Work to be completed -
With the pictures omitted, output word for word the lines from the one containing "[mwwsrc:345a59e872ee3fa5d8365b170adabf3297508a34.jpg]" through the end of the records.

•••

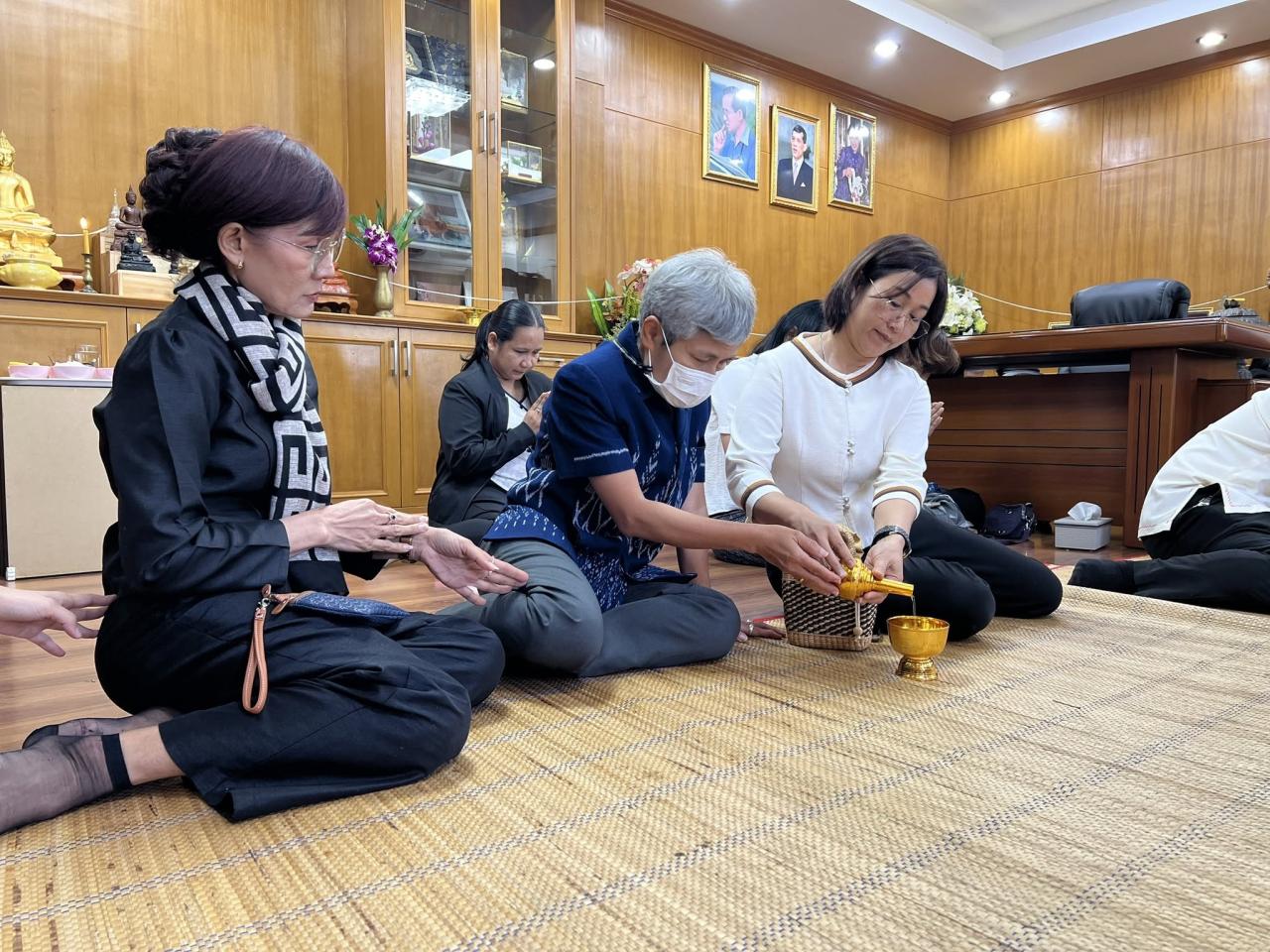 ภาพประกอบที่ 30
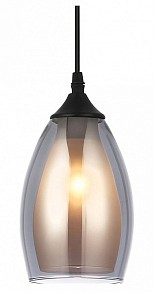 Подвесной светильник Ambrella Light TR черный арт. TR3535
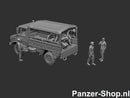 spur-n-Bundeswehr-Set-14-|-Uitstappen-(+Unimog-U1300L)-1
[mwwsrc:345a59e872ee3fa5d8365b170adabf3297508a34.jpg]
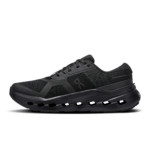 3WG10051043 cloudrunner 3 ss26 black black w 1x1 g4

•••

Finished exercise -
[mwwsrc:345a59e872ee3fa5d8365b170adabf3297508a34.jpg]
 3WG10051043 cloudrunner 3 ss26 black black w 1x1 g4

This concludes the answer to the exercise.